- Title: INDIA: Murder of young Brit will not affect tourism - Goa state chief
- Date: 11th March 2008
- Summary: (BN08) PANJIM, GOA, INDIA (MARCH 11, 2008) (ANI-ACCESS ALL) SIGN READING 'CHIEF MINISTER RESIDENCE' (SOUNDBITE) (English) DIGAMBAR KAMATH, STATE CHIEF, GOA, SAYING: "We have 2.5 million tourists visiting the state. When such a large number of tourists visit a state, if one or two incidents take place of such nature, there is no need to blow it out of proportion. Right in the beginning, we made it clear that government if there is a foul play, as suspected by the mother of this girl, we said we will go to the root cause of this case." CAR PARKED OUTSIDE RESIDENCE OF GOA CHIEF MINISTER, DIGAMBAR KAMATH (SOUNDBITE) (English) DIGAMBAR KAMATH, STATE CHIEF, GOA, SAYING: "Lots of other things must be happening in other places also, which we don't even come to know and if Indian people go abroad and all what happens, we know, and here, just before any conclusion also, the way some of the media channels started bringing it out that Goa is unsafe, Goa is unsafe. I personally don't think that it will have an impact on Goa's tourism. People who come to Goa have always gone back to Goa with sweet memories about Goa." GOA CHIEF MINISTER, DIGAMBAR KAMATH, GETTING INTO CAR AND BEING DRIVEN OFF
- Embargoed: 26th March 2008 18:39
- Location: India
- Country: India
- Topics: Crime / Law Enforcement,International Relations
- Reuters ID: LVA4WG2UZY5HNOIDDQCEQI8WGYNR
- Aspect Ratio: 4:3
- Story Text: The Chief Minister of Goa says the mysterious murder of a British girl will not put tourists off travelling to the popular destination.
The chief minister of Goa has been defending the state's safety record after the murder of British teenager Scarlett Keeling.
Media attention in the case has raised concerns about how safe Goa is for tourists.
But Goa chief, Digambar Kamath says there is no need to blow what happened out of proportion.

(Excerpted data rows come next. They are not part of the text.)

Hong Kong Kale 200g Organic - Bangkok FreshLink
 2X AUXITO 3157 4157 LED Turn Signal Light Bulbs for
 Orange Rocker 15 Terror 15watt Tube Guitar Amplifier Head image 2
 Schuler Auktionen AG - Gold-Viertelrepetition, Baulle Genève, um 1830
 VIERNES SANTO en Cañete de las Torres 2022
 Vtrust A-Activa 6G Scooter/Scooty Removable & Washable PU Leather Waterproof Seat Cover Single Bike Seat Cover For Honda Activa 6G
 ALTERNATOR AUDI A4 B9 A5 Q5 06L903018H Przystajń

Talking to media in Panaji on Tuesday (March 11), Kamath discounted trade analysts and agents who said Goa 's tourism sector may be affected as more details about the alleged rape and murder case of the 15-year-old British girl unfolded.
Kamath said Goa welcomed 2.5 million tourists a year.
"When such a large number of tourists visit a state, if one or two incidents take place of such a nature, there is no need to blow it out of proportion" he said.
He was adamant the government would get to the root of the cause of the girl's killing.
Upset over media reports following Scarlett's murder, the state chief said that such incidents are not new and have been taking place in other tourist destinations. But they didn't always make such big headlines.
And he was confident tourists would not be put off.
People who visit Goa always have sweet memories about the place, he said.
Meanwhile, Scarlett's mother, Fiona MacKeown, has demanded for a probe by India's top investigative agency, the Central Bureau of Investigation (CBI) into her daughter's death. Originally, Indian authorities had reported that Scarlett drowned after taking drugs. Later, however, they said a second autopsy revealed injuries that indicated murder.
Police have arrested three people in connection with the murder.